* How to complete this task: Starting with the first line of the material, reproduce exactly each line up to and including the one that contains "Ett mysigt vardagsrum", leaving out every picture.
------------------------------------------------
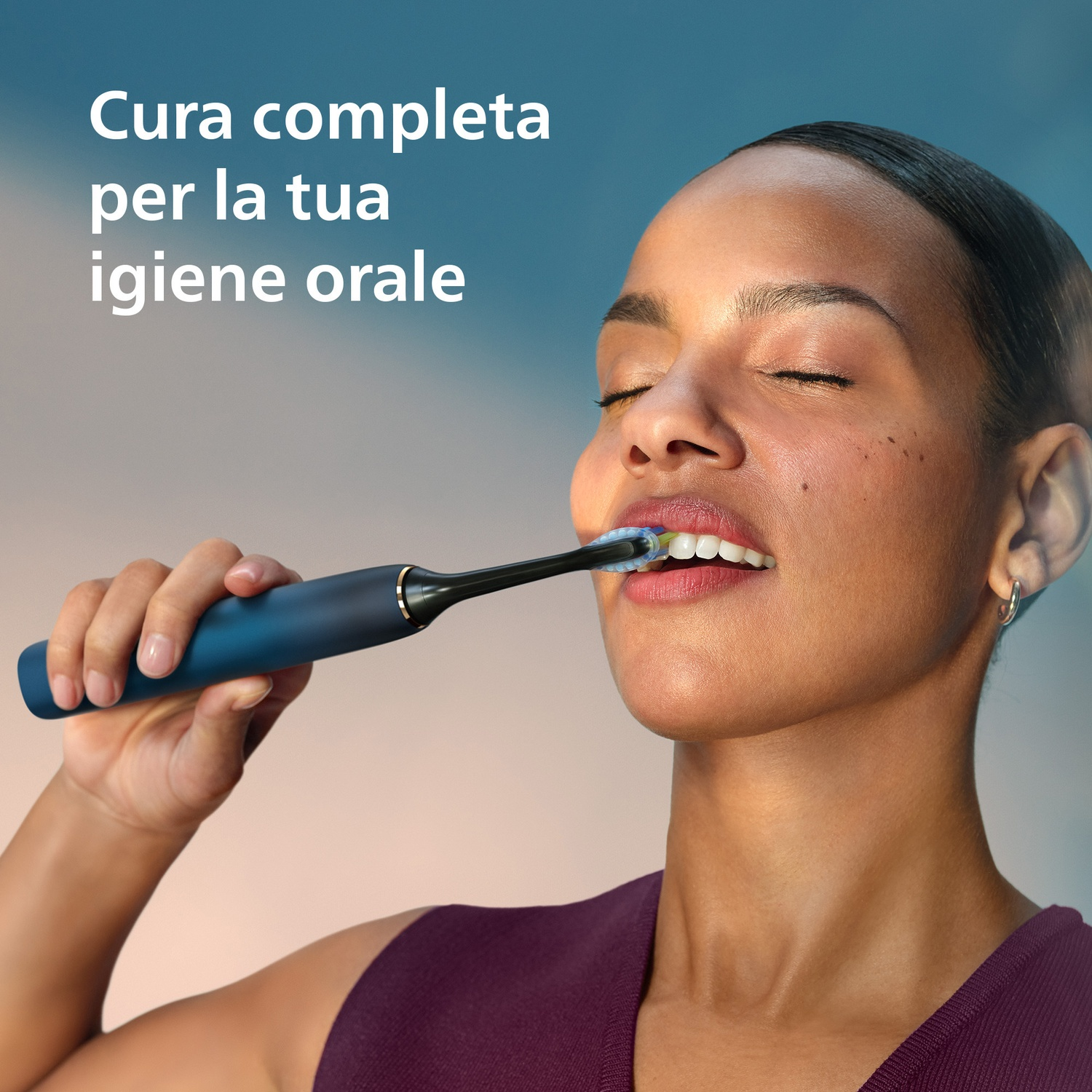 Una donna si lava i denti con uno spazzolino elettrico blu.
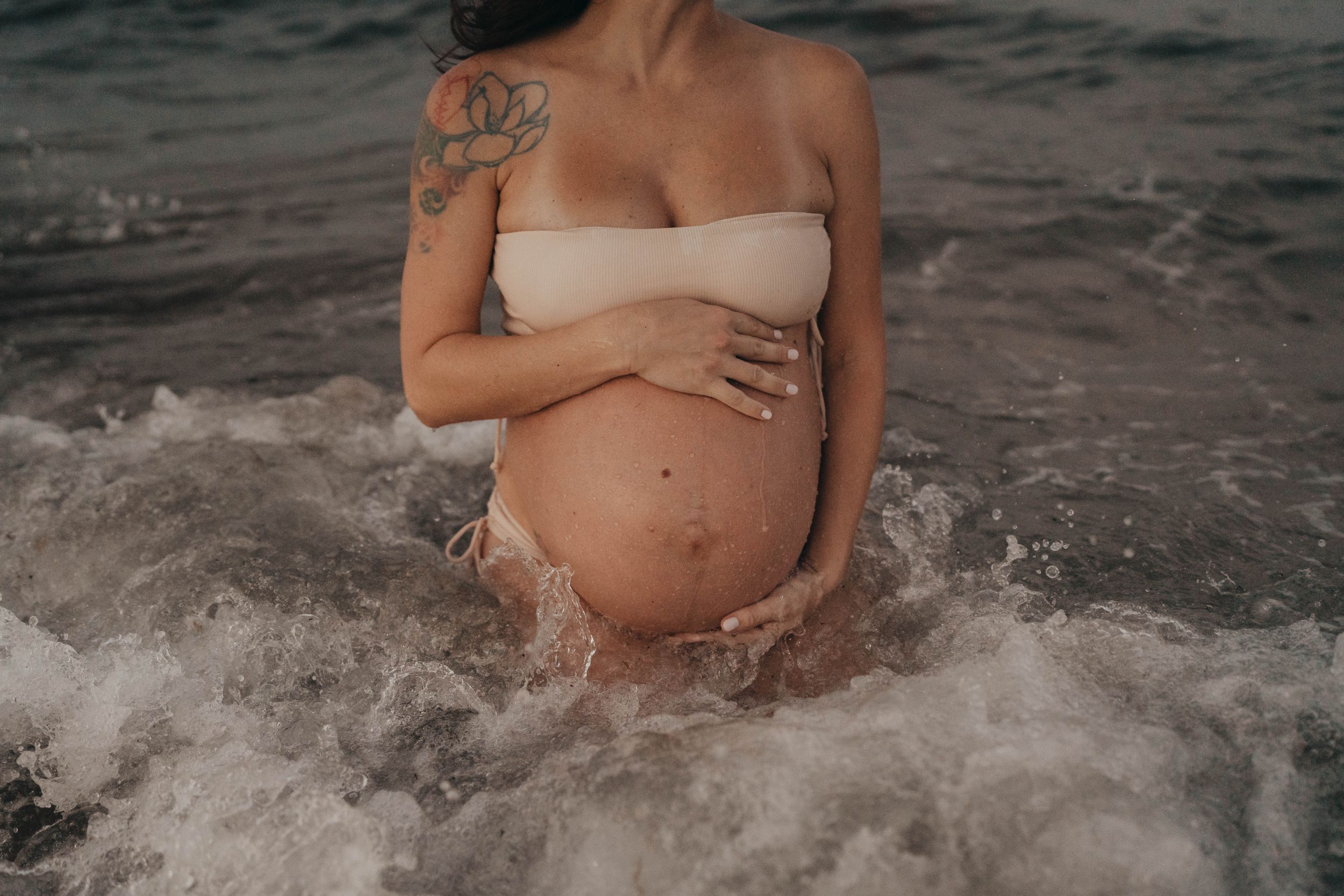 A pregnant woman stands in ocean waves wearing a nude bandeau top.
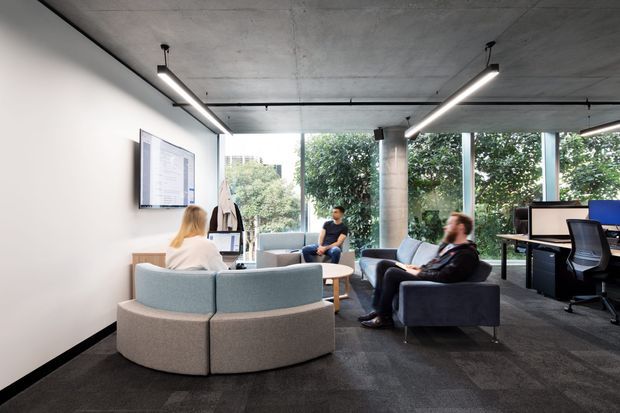 A contemporary open-plan office lounge and workspace with curved upholstered seating, armchairs, a small round coffee table, workstations, and large floor-to-ceiling windows overlooking greenery. The space features a raw exposed concrete ceiling and column, dark carpet flooring, white walls, and linear suspended lighting.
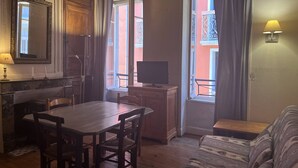 Ett mysigt vardagsrum med ett träpanelat tak, en matplats med bord och stolar, en soffa, en tv på ett träbord och ett fönster med gardiner.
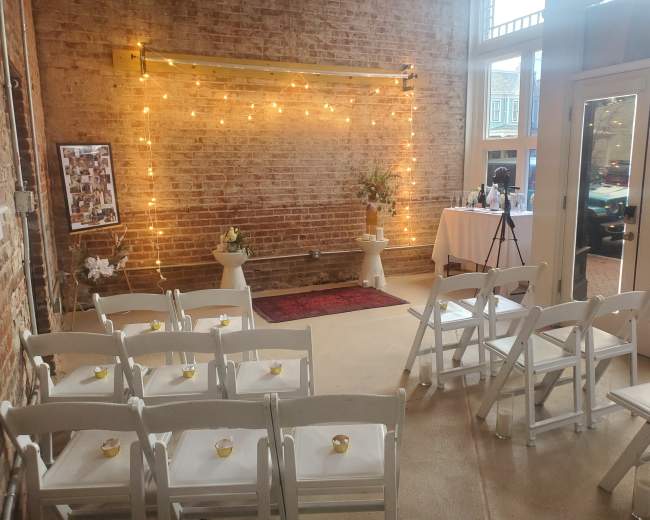 A small wedding ceremony setting features white folding chairs arranged in front of a decorated backdrop with string lights, flanked by a table and floral arrangements.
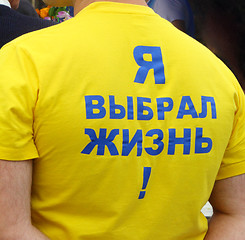 Image showing Men's knitted t-shirt with an optimistic inscription on the back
------------------------------------------------
* Response area:
 Una donna si lava i denti con uno spazzolino elettrico blu.
 A pregnant woman stands in ocean waves wearing a nude bandeau top.
 A contemporary open-plan office lounge and workspace with curved upholstered seating, armchairs, a small round coffee table, workstations, and large floor-to-ceiling windows overlooking greenery. The space features a raw exposed concrete ceiling and column, dark carpet flooring, white walls, and linear suspended lighting.
 Ett mysigt vardagsrum med ett träpanelat tak, en matplats med bord och stolar, en soffa, en tv på ett träbord och ett fönster med gardiner.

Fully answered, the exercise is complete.